[Opening Listed entries section]

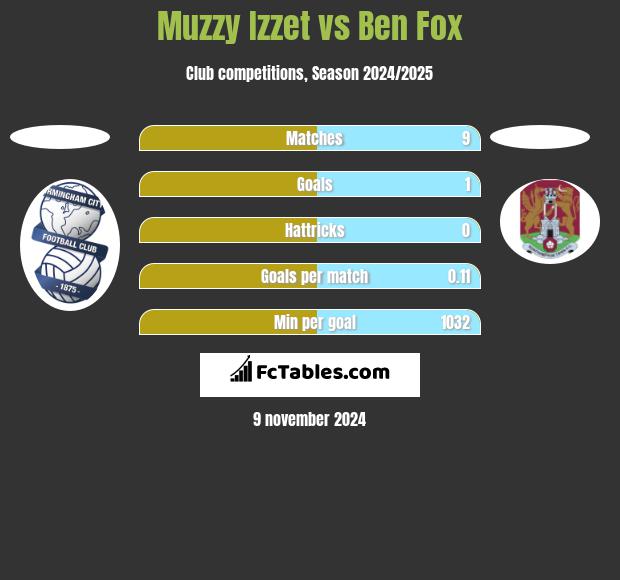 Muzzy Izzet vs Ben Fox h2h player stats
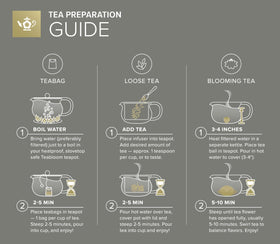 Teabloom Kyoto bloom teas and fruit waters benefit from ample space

[Closing Listed entries section]
[Opening Listed entries section]

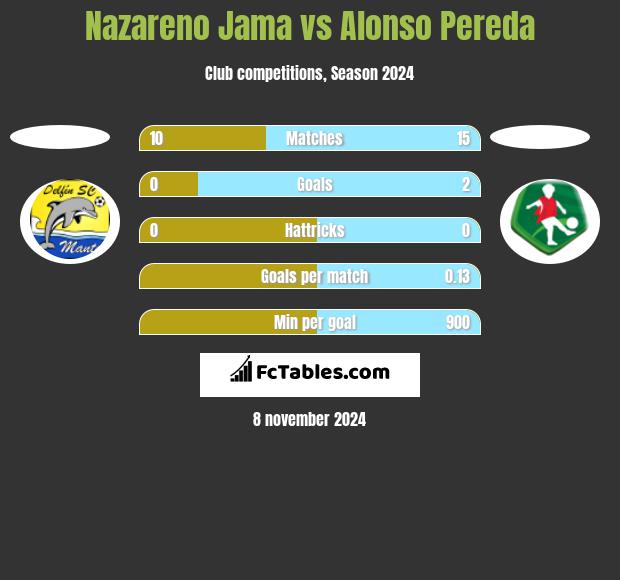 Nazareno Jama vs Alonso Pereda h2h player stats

[Closing Listed entries section]

- _Instructions to follow_
Of the lines above, quote exactly those from the one with "Muzzy Izzet vs Ben Fox h2h player stats" through the one with "Teabloom Kyoto bloom", ends included; pictures stay out.

- _Solution for this task_
 Muzzy Izzet vs Ben Fox h2h player stats
 Teabloom Kyoto bloom teas and fruit waters benefit from ample space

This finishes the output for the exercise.